Game over?

In der neuen „Meistersinger“-Inszenierung in Linz wird reichlich geflippert…

Von Roberto Becker

(Linz, 8. April 2023) Ob das Spiel und die Sorge mit und um die große (sprich Opern-) Kunst in unserer Gegenwart noch gewonnen werden kann oder verloren ist, wird sich zeigen. Auf der Bühne im gerade mal zehnjährigen Opernhaus am Volksgarten in Linz wird diese Frage zum Schluss von Hans Sachs gestellt. Er richtet seine berühmte Aufforderung, die Meister, also das Ererbte, nicht zu verachten, unmittelbar an die Kinder, die mit ihren Spielzeug-Rittern in der Hand unter dem Dutzend Flipperautomaten hervor krabbeln, die zum Finalen in einer Linie an der Rampe die Bühne füllen.

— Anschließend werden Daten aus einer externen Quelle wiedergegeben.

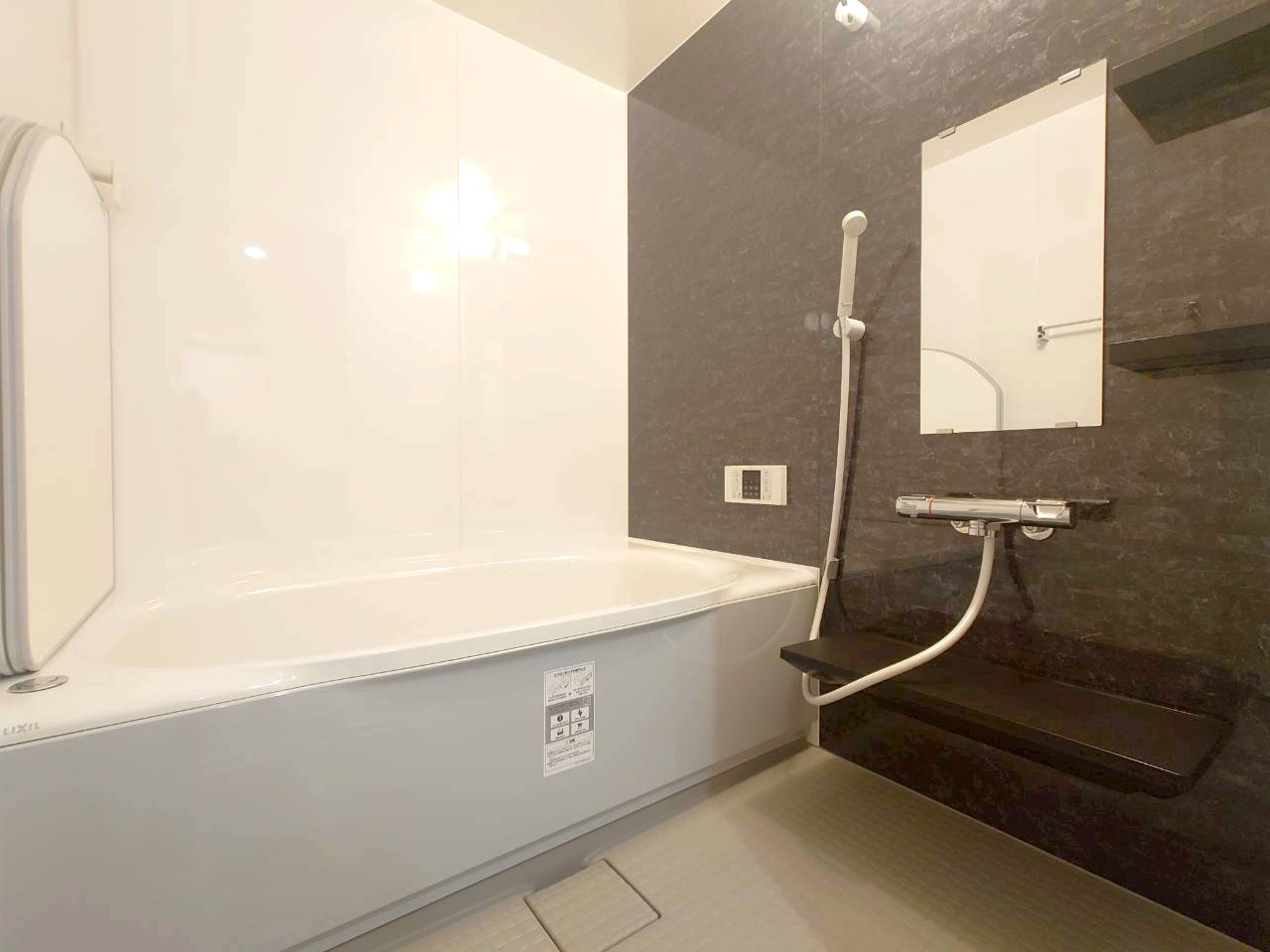 ◆２０２５年１１月リフォーム完了◆南面バルコニーにつき陽当たり・通風良好◆サンシティ桂坂３番館の浴室|洋室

Diese Exemplare des vervielfachten metaphorischen Leitmotives auf der Bühne von Sebastian Hannak waren zur Festwiesenmusik anstelle der aufmarschierenden Zünfte in großen Holzkisten herbeigeschafft worden. Sie sind mit dem Namenszug und den Porträts der heute die Opernspielpläne prägenden Komponisten versehen und bieten diverse Archivaufnahmen von alten Inszenierungen ihrer Opern. Neben Händel, Mozart, Wagner und Strauss, sind hier die Italiener Monteverdi, Rossini, Donizetti, Puccini und natürlich Verdi ebenso vertreten, wie auch Meyerbeer, Offenbach und Tschaikowsky nicht fehlen. Eine illustre Versammlung, mit deren Werken man schon ziemlich weit käme, würde man auf die sprichwörtliche öde Insel jenseits der Kultur verschlagen werden, sollten die düsteren Ahnungen in der Schlussansprache von Sachs Wirklichkeit werden. Dass die Kinder in der Inszenierung von Paul-Georg Dittrich am Ende (neben dem Publikum im Saal) die Rolle der direkt von Sachs Angesprochenen spielen, ist aber nicht nur ein Schlussgag, sondern ein Resümee des Zugangs und seiner verblüffend schlüssigen, spielfreudigen Umsetzung.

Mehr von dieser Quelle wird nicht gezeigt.